About a year ago, I happened upon this statement about the Monitor in the Harvard Business Review – under the charming heading of “do things that don’t interest you”:

“Many things that end up” being meaningful, writes social scientist Joseph Grenny, “have come from conference workshops, articles, or online videos that began as a chore and ended with an insight. My work in Kenya, for example, was heavily influenced by a Christian Science Monitor article I had forced myself to read 10 years earlier. Sometimes, we call things ‘boring’ simply because they lie outside the box we are currently in.”

If you were to come up with a punchline to a joke about the Monitor, that would probably be it. We’re seen as being global, fair, insightful, and perhaps a bit too earnest. We’re the bran muffin of journalism.

But you know what? We change lives. And I’m going to argue that we change lives precisely because we force open that too-small box that most human beings think they live in.
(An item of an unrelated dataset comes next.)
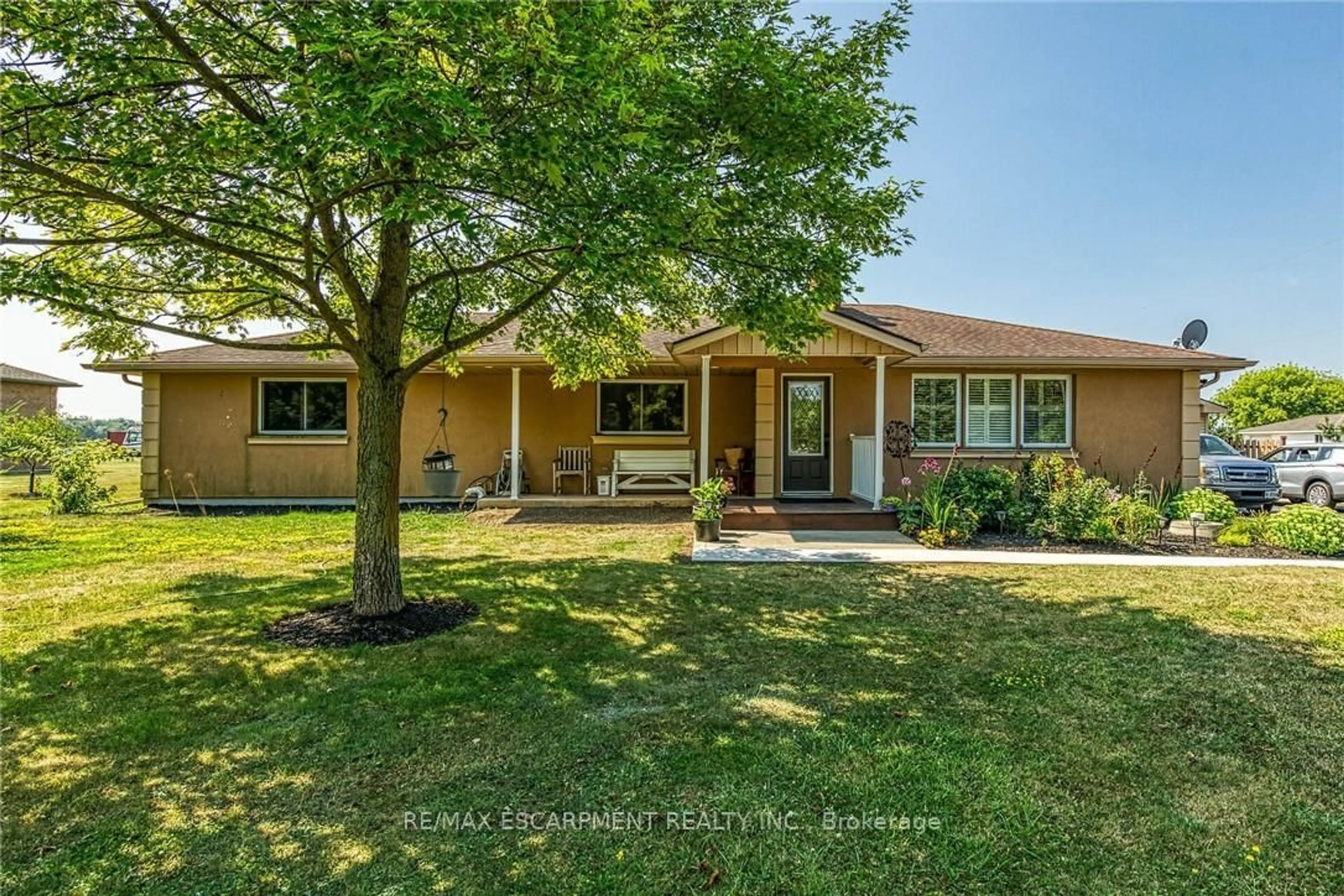 Unknown for 982 HIGHLAND Rd, Hamilton Ontario L8J 3G9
The Monitor is a peculiar little publication that’s hard for the world to figure out. We’re run by a church, but we’re not only for church members and we’re not about converting people. We’re known as being fair even as the world becomes as polarized as at any time since the newspaper’s founding in 1908.

We have a mission beyond circulation, we want to bridge divides. We’re about kicking down the door of thought everywhere and saying, “You are bigger and more capable than you realize. And we can prove it.”